Perhaps seeking some relief from it all, there is a sick comedy to be found in the greater mood board that is his Twitter: the your-mom-on-Facebook positivity memes; the inane dry-erase board brainstorms; the presumably unironic re-posts of New Yorker cartoons captioned with his tweets; the turd-like blobs of neutral-toned clay (“just great energy bro”). But beyond levity, West’s art and design proclivities seem to reveal more about his ideologies than I imagine even he realizes. For West has always been a conductor in not just the musical sense, but the electrical — one through whom currents run, for better and now, for worse.

“Axel Vervoordt the globe,” read one recent tweet, to which a frightening amount of replies suggest that real free thinkers are Team Flat Earth. Vervoordt — a Belgian designer with a comically designer-y name, whom West regularly visits in his 12th century castle called ‘s-Gravenwezel — designed Kanye and Kim’s Hidden Hills mansion. Pale-washed and empty-looking, most people responded affirmatively when West asked “Do this look like the sunken place” over a photo of its void of a hallway.

The day before his return to Twitter, The Hollywood Reporter published an interview between West and Vervoordt, which veered from expected fine art platitudes to outright delusion. The two agreed that keeping up with the news was for basics: “I almost never look at television because I like to have that open mind and feel things not with the influence,” said Vervoordt. “I'm a little bit scared that most news is too negative.” West went on to explain the deranged reasoning behind his “be here now, now be here” philosophy, which includes the rejection of photographs: “[Photography] takes you out of the now and transports you into the past or transports you into the future... People always wanna hear the history of something, which is important, but I think there's too much of an importance put on history.”
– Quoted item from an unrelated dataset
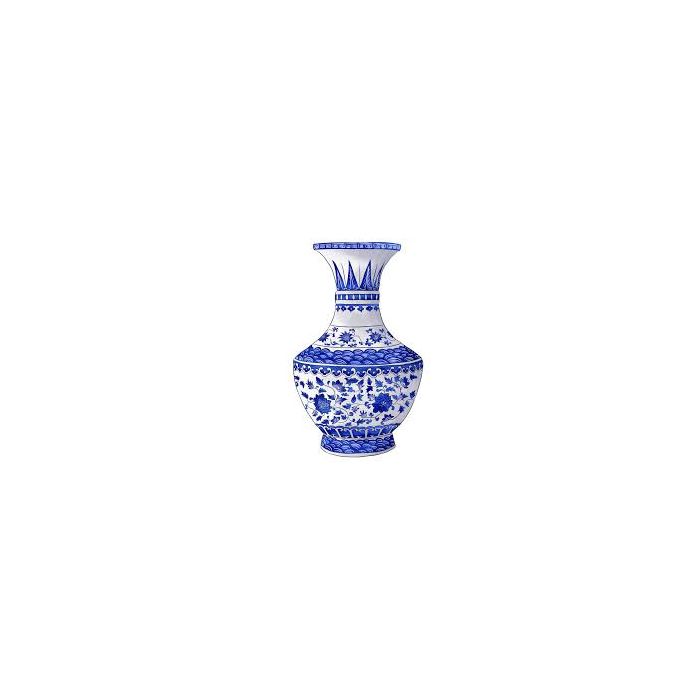 Ceramic Vase – Blue & White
It was a Le Corbusier desk that brought West and Vervoordt together. Walking by Vervoordt’s booth at a Netherlands art fair in 2013, West was stopped in his tracks by the angular wooden structure. It may have been that encounter which inspired West to claim, in an interview months later, that a Corbusier lamp in his Paris loft was one of his greatest inspirations for Yeezus — his industrial album, from which “New Slaves” now looks a bit funny in the light. That lamp, made predominantly of concrete, ran West about $110,000(he appears to have been significantly overcharged). From our current vantage, Corbusier is almost inarguably the most significant architect of the 20th century — influence, of course, being artistically and morally neutral. He, too, had extreme and solipsistic ideas about the past, present, and future of architecture and moreover, society at large. To Corbusier, the past was a tyranny which should not be overcome, but destroyed and forgotten. As for the future: it began with his ideas, and his alone.
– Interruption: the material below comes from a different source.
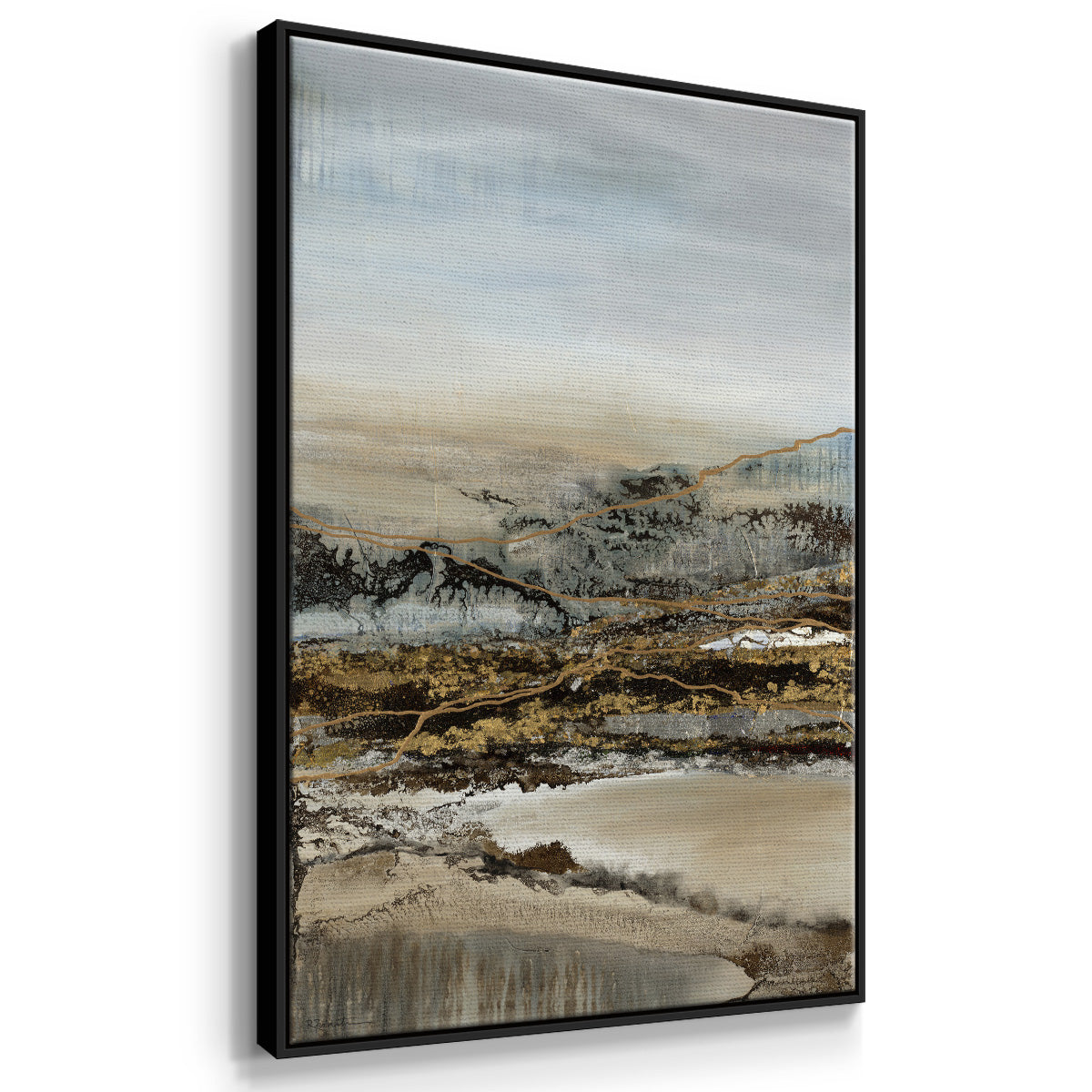 Annual Journey - Floater Framed Canvas Print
Kanye West performs “New Slaves” on ‘Saturday Night Live.’

An early modernist pioneer, Le Corbusier’s preferred structures were harsh blocks of concrete as unadorned as possible. Directly challenging the neo-classicist styles that prevailed until the 21st century, Corbusier saw the impulse toward ornamentation — and beyond that, the pursuit of beauty—as not just aesthetically repugnant but morally perverse; his most influential book, 1924’s Towards a New Architecture, referred to a house as “a machine for living.” “We must create a mass-production state of mind,” he went on. “The only possible road is that of enthusiasm… that electric power source of the human factory.” Corbusier was as enamored with Henry Ford as West is with Steve Jobs, and his obsessions extended beyond architectural design and into urban planning, with a totalitarian zeal that crept openly toward fascism. In his quest to replace historic European cities with grim, uniform concrete grids, he imagined himself unprecedentedly bold, and anyone unconvinced of his genius as hopelessly conventional.

A Corbusier does not spring from thin air into being. Not only was global industrialization dramatically re-writing architecture’s possibilities, but the first World War had wreaked havoc on European cities, demanding immediate and efficient reconstruction. Beyond that, the elaborate bourgeois aesthetics of the 19th century provoked an opposite reaction; militant asceticism was a natural response. Why should art aspire to such meaningless standards as “beauty” when the postwar world had revealed itself to be ugly, chaotic, and brutal? If art’s duty was not to coddle but to speak truth, then the work of Corbusier and his devotees was not ugly, but honest.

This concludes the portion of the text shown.